PROBLEM – Exact transcription, pictures omitted: reproduce the listing below.

INFORMATION PROVIDED –
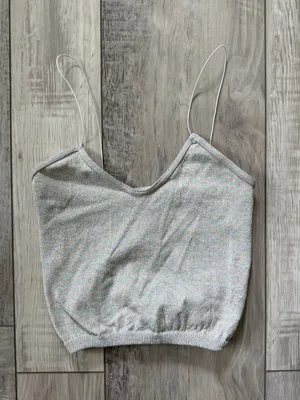 Free People Gray Rainbow Sparkle Metallic Ribbed Thin Strap Seamless Tank M/L thumbnail 7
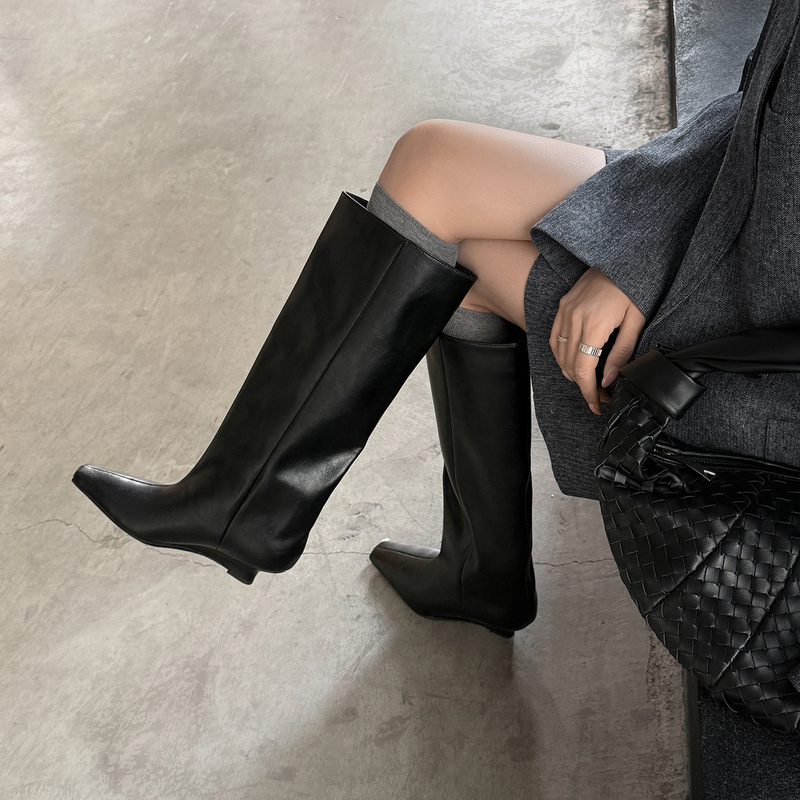 Wide-Calf Straight-Leg Boots for Women, Wedge-Heeled Riding Boots, Over-The-Knee Long Boots, Wide-Shank High Boots, Slimming Boots, Genuine Leather Wide-Calf Straight-Leg Boots for Women, Wedge-Heeled Riding Boots, Over-The-Knee Long Boots, Wide-Shank High Boots, Slimming Boots, Genuine Leather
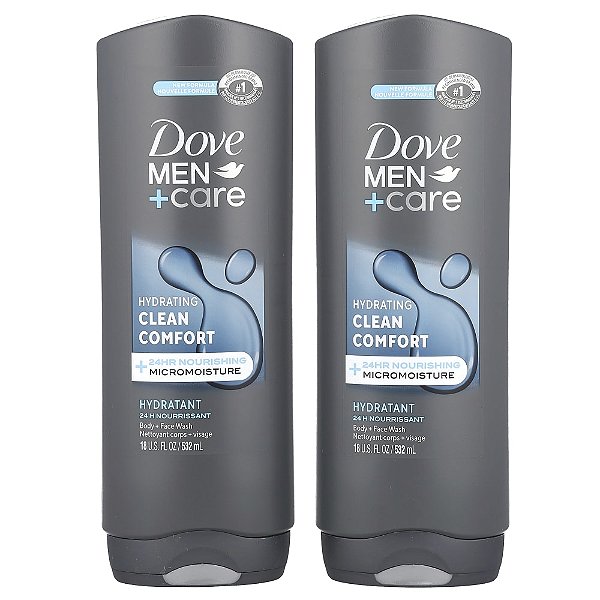 Sabonete Líquido Corpo e Rosto Men+Care Clean Comfort 2 Unidades de 532 ml - Dove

SOLUTION –
 Free People Gray Rainbow Sparkle Metallic Ribbed Thin Strap Seamless Tank M/L thumbnail 7
 Wide-Calf Straight-Leg Boots for Women, Wedge-Heeled Riding Boots, Over-The-Knee Long Boots, Wide-Shank High Boots, Slimming Boots, Genuine Leather Wide-Calf Straight-Leg Boots for Women, Wedge-Heeled Riding Boots, Over-The-Knee Long Boots, Wide-Shank High Boots, Slimming Boots, Genuine Leather
 Sabonete Líquido Corpo e Rosto Men+Care Clean Comfort 2 Unidades de 532 ml - Dove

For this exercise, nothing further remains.